Taking opcode.py again as an example, instead of writing:

_cache_format = {
    "LOAD_GLOBAL": {
        "counter": 1,
        "index": 1,
        "module_keys_version": 1,
        "builtin_keys_version": 1,
    },
    "BINARY_OP": {
        "counter": 1,
    },
    ...
}

we can write:

_cache_format = <
    LOAD_GLOBAL: <
        counter: 1
        index: 1
        module_keys_version: 1
        builtin_keys_version: 1
    >
    BINARY_OP: <
        counter: 1
    >
    ...
>

or make it even cleaner by going full-blown YAML-like by making identation imply dict nesting:

_cache_format = <
    LOAD_GLOBAL:
        counter: 1
        index: 1
        module_keys_version: 1
        builtin_keys_version: 1
    BINARY_OP:
        counter: 1
    ...
>

And while we’re at it, we can generalize indentation-implied nesting to lists as well, so that this dict of lists from _opcode_metadata.py:

_specializations = {
    "RESUME": [
        "RESUME_CHECK",
    ],
    "TO_BOOL": [
        "TO_BOOL_ALWAYS_TRUE",
        "TO_BOOL_BOOL",
        "TO_BOOL_INT",
        "TO_BOOL_LIST",
        "TO_BOOL_NONE",
        "TO_BOOL_STR",
    ],
    ...
}

can be optionally written as:

_specializations = <
    RESUME:
        RESUME_CHECK
    TO_BOOL:
        TO_BOOL_ALWAYS_TRUE
        TO_BOOL_BOOL
        TO_BOOL_INT
        TO_BOOL_LIST
        TO_BOOL_NONE
        TO_BOOL_STR
>

Note that only bareword keys are parsed as strings, while dict values are parsed normally as expressions.

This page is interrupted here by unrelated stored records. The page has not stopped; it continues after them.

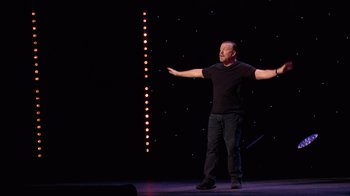 Movie still from “Ricky Gervais: SuperNature” (2022), directed by John L. Spencer – A man standing on a stage with his arms outstretched; Wide shot, Low angle
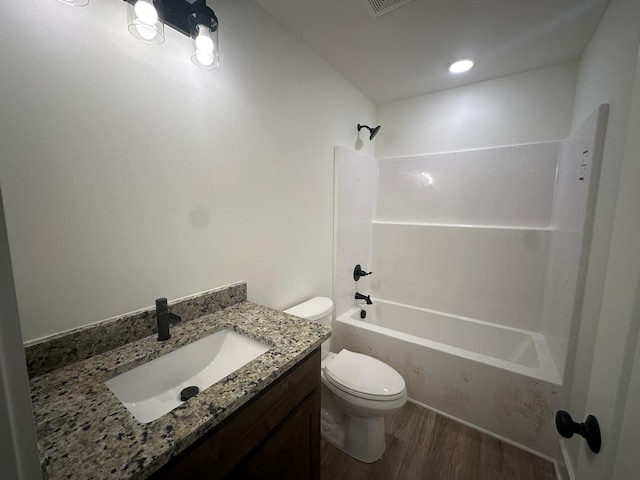 full bathroom with hardwood / wood-style floors, vanity, toilet, and tub / shower combination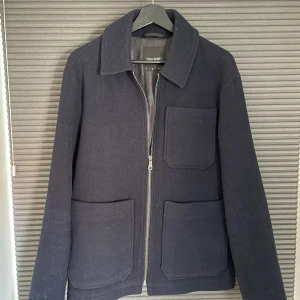 Mörkblå ulljacka från Lyle & Scott - Stilren mörkblå jacka från Lyle & Scott i ullblandning. Jackan har tre stora utanpåfickor, klassisk krage och dragkedja framtill. Ett lyle & scott märke ingår som aldrig använts. Köptes ny för 2000kr.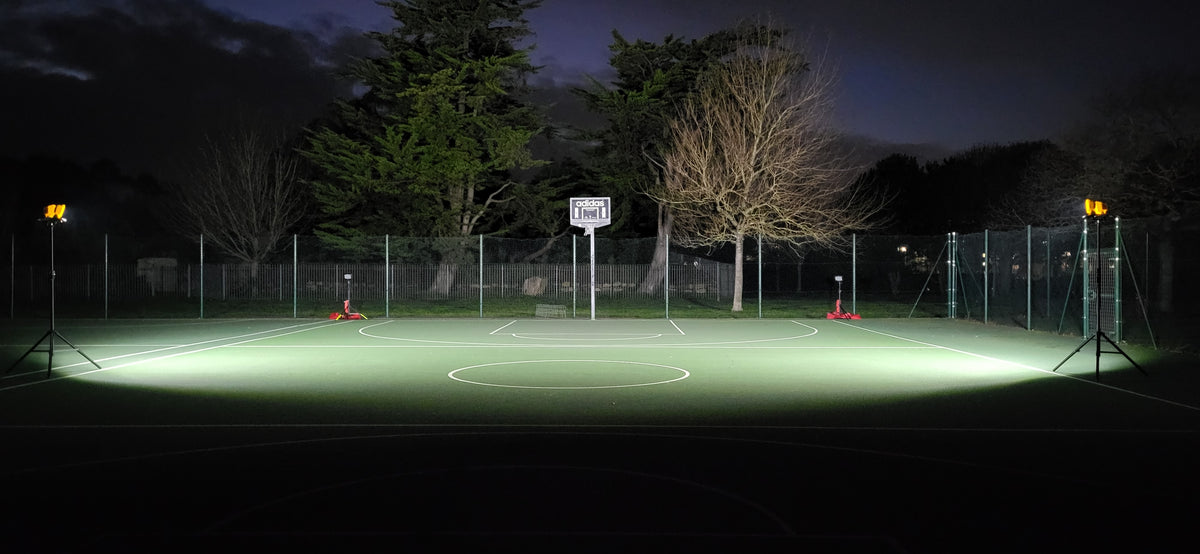 At night, a basketball court is lit by four Nightsearcher Galaxy Pro Twin Portable Floodlights at the corners. Trees and a wire fence are visible in the darkened background.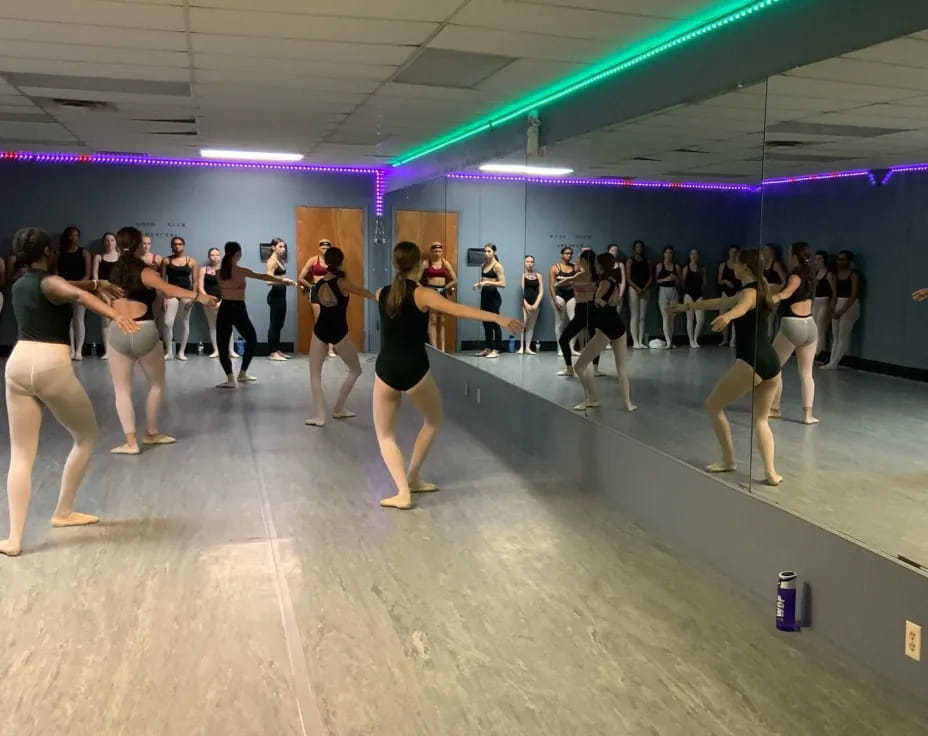 a group of people dancing in a room with purple walls
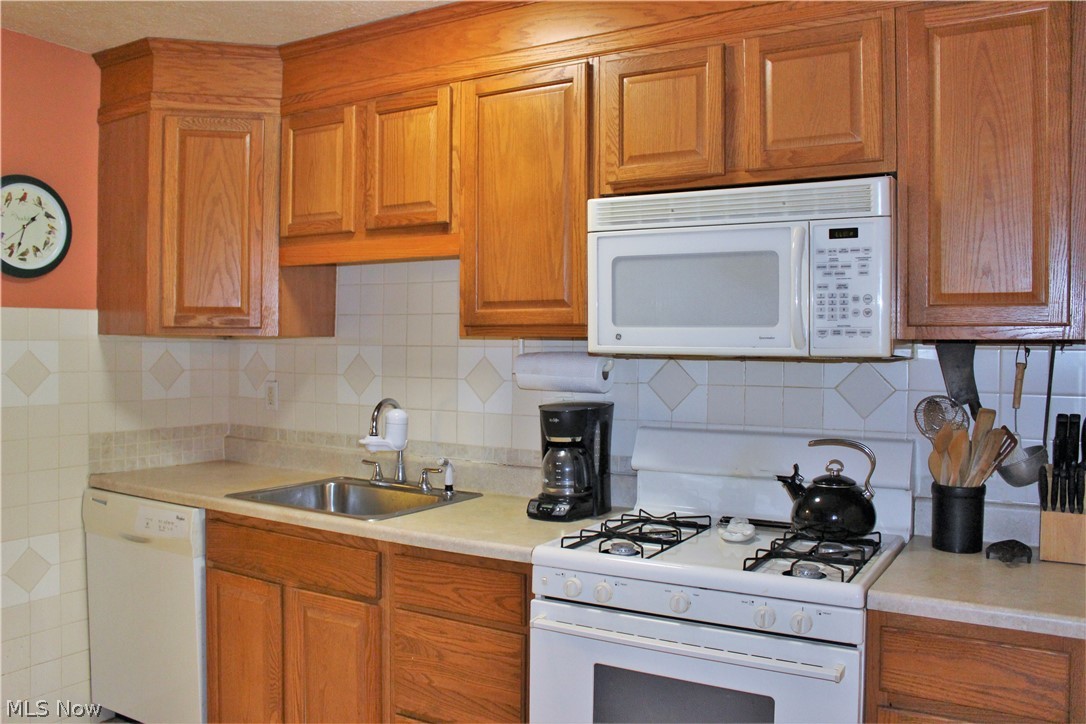 9674 Fairmount Road Novelty, OH 44072 - Photo 3 of 17 Updated Kitchen with oak cabinets and tile floor. Tile back splash.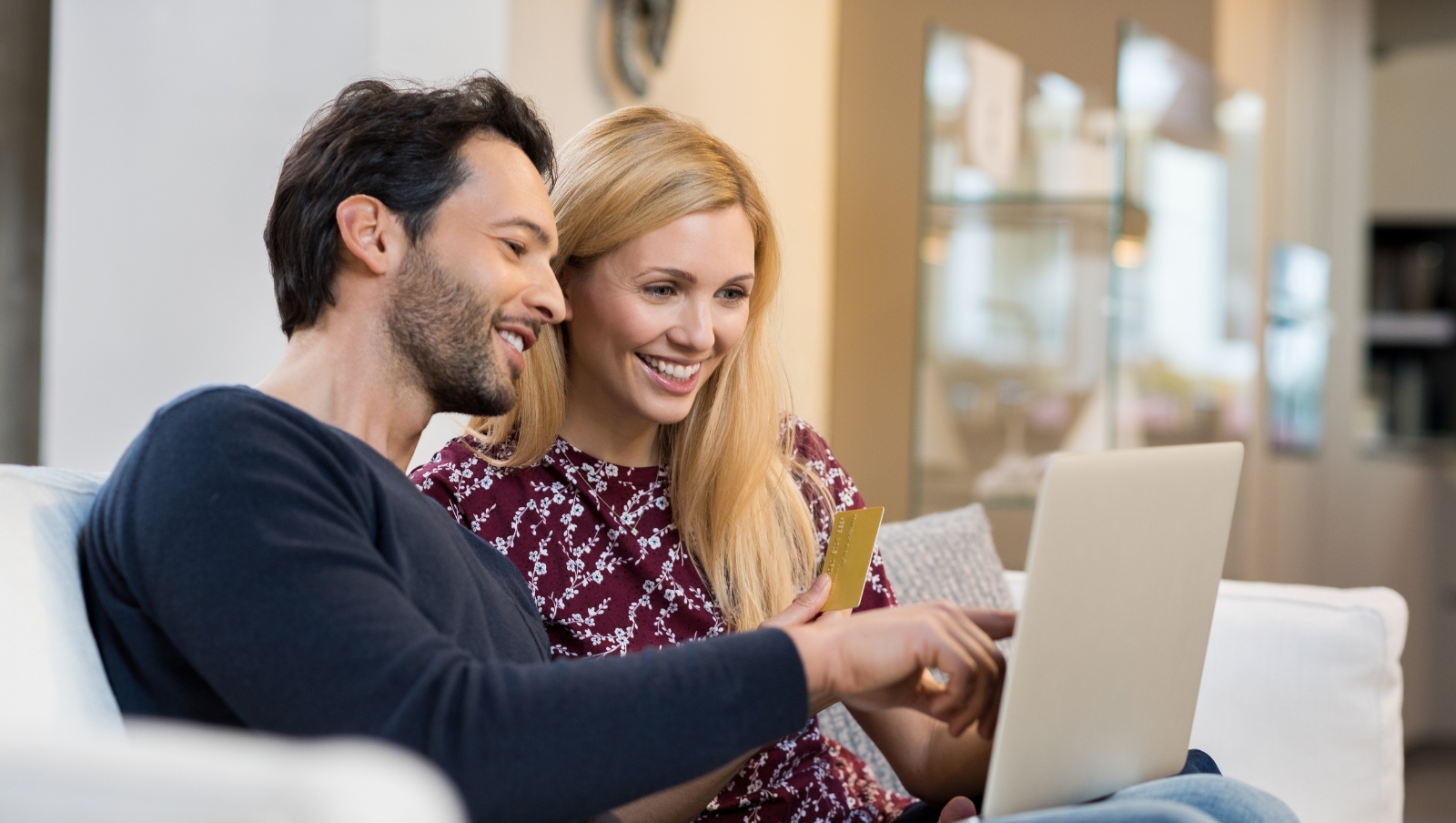 A couple smiling at a computer screen.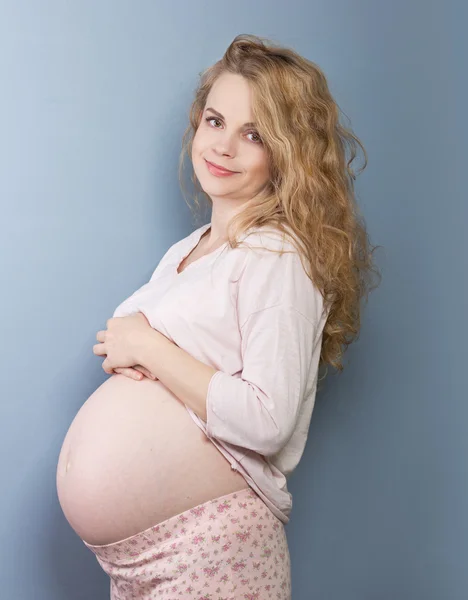 Hermosa rubia embarazada acariciando su vientre — Foto de Stock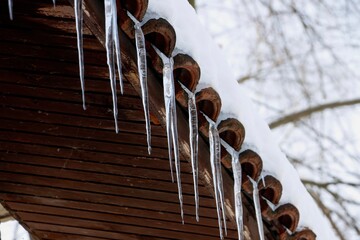 Wintertime icicles hanging from roof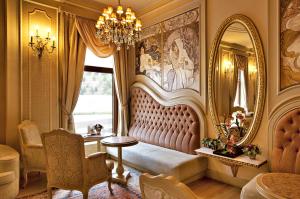 a living room with a couch and a mirror at Excelsior Hotel & Spa Baku in Baku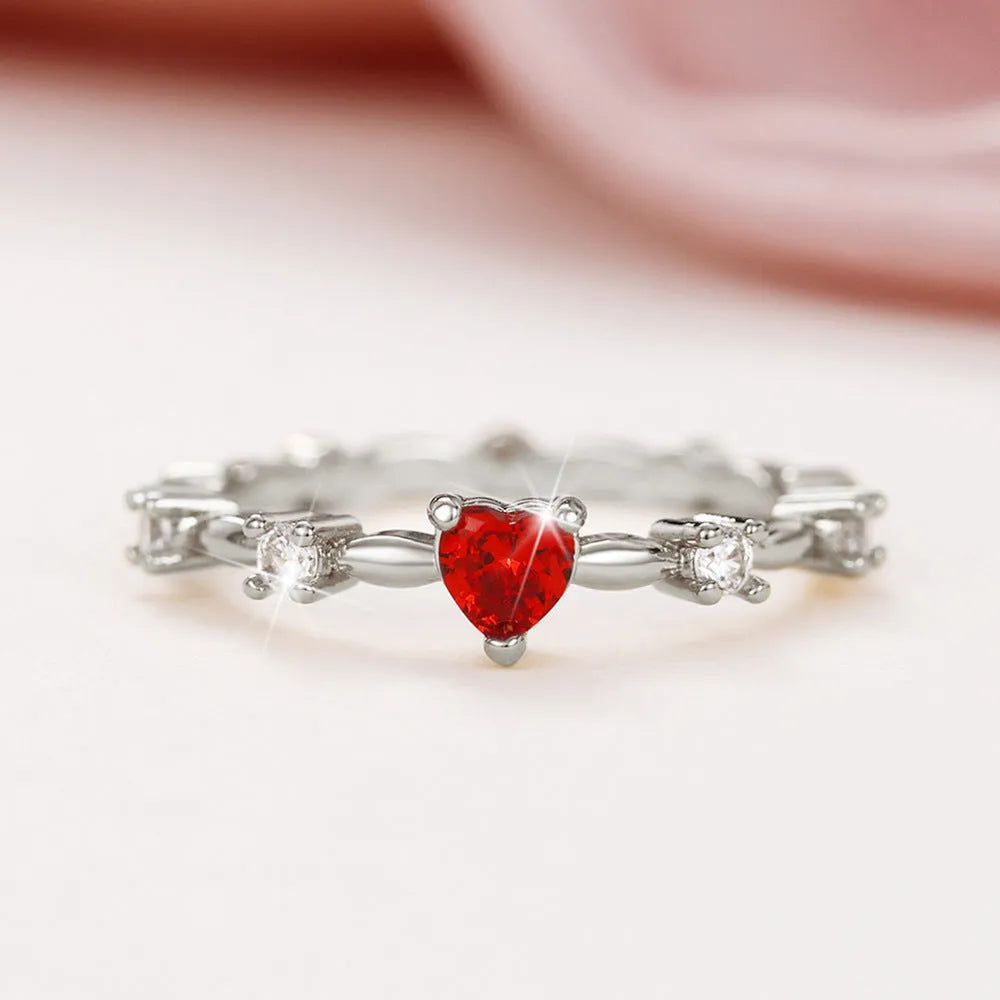 Copper zircon peach heart ring in gold on hand, unisex size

Lastly, we can allow items and keys to be optionally quoted for more flexibility:

commands = <
    add
    find
    "list-servers" # we can arguably make quotes optional here too since dashes 
    "list-clients" # don't make these words syntatically ambiguous
    remove
>

By removing the noises of quotes and commas from the literals it makes these definitions more readable and easier to maintain.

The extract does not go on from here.